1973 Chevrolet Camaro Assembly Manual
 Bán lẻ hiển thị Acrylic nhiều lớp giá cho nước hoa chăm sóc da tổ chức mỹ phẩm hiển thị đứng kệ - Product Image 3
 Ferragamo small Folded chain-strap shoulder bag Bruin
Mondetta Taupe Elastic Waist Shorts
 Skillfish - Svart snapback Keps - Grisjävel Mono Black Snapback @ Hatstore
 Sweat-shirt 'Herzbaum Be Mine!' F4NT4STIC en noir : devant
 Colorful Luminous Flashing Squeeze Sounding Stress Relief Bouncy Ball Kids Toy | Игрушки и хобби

******************************

### PROBLEM REQUIREMENTS:
The "Mondetta Taupe Elastic Waist Shorts" line through the last line above: set these down exactly and add nothing else.

### ANSWER SECTION:
Mondetta Taupe Elastic Waist Shorts
 Skillfish - Svart snapback Keps - Grisjävel Mono Black Snapback @ Hatstore
 Sweat-shirt 'Herzbaum Be Mine!' F4NT4STIC en noir : devant
 Colorful Luminous Flashing Squeeze Sounding Stress Relief Bouncy Ball Kids Toy | Игрушки и хобби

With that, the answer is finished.